§ Goal of the exercise: From the line with "Gradual Change Flashing" to the line with "Plakát One Piece", output every line below exactly, both ends included. Skip the pictures.

Top of Input

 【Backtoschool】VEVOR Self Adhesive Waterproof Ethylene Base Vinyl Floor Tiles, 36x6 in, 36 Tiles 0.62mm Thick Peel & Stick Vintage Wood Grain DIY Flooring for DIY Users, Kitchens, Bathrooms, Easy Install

Bottom of Input
Top of Input

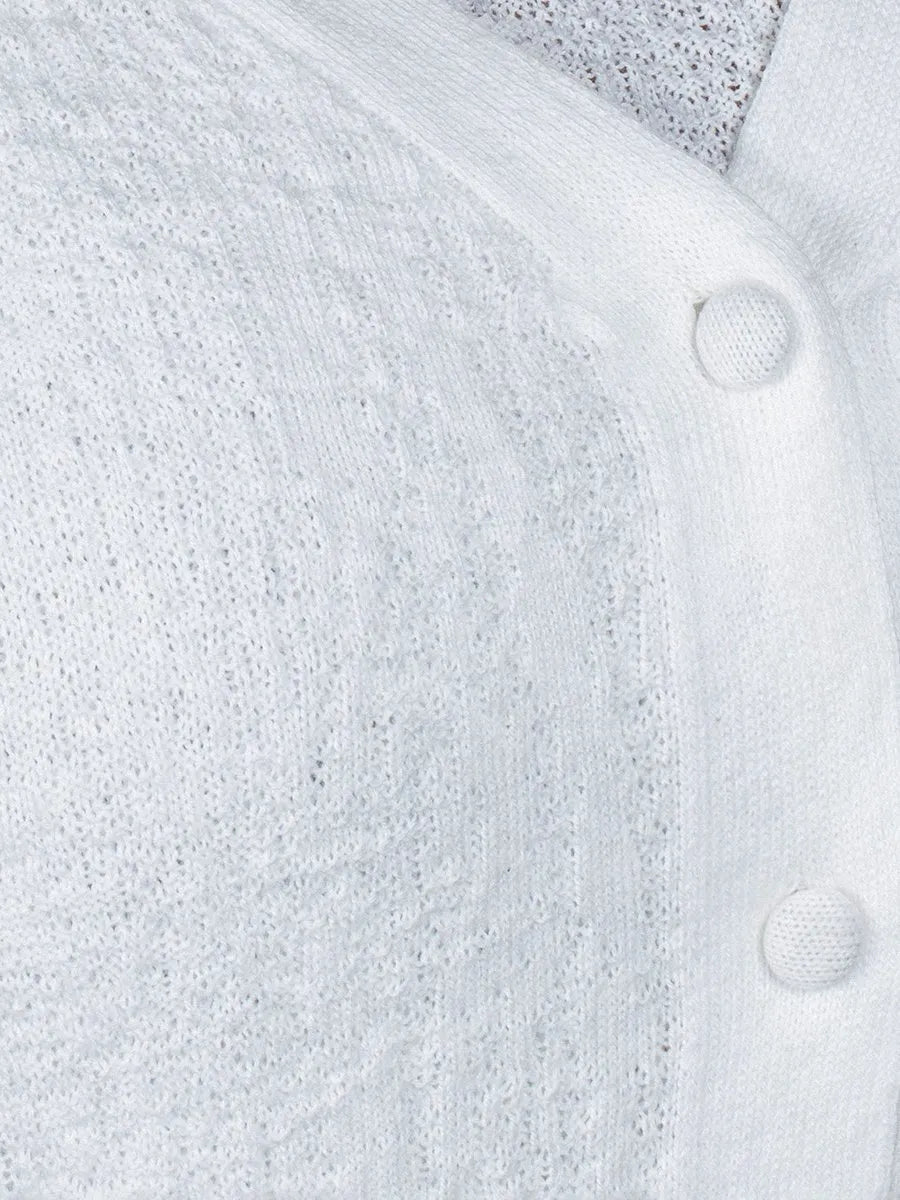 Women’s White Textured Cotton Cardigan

Bottom of Input
Top of Input

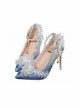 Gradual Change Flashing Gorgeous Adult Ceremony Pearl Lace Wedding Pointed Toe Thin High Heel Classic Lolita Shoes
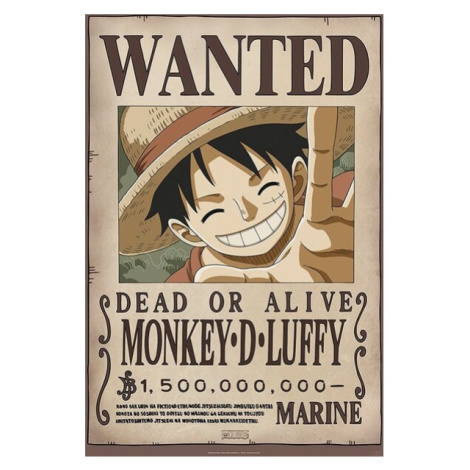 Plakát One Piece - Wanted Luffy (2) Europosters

Bottom of Input

§ Written answer:
 Gradual Change Flashing Gorgeous Adult Ceremony Pearl Lace Wedding Pointed Toe Thin High Heel Classic Lolita Shoes
 Plakát One Piece - Wanted Luffy (2) Europosters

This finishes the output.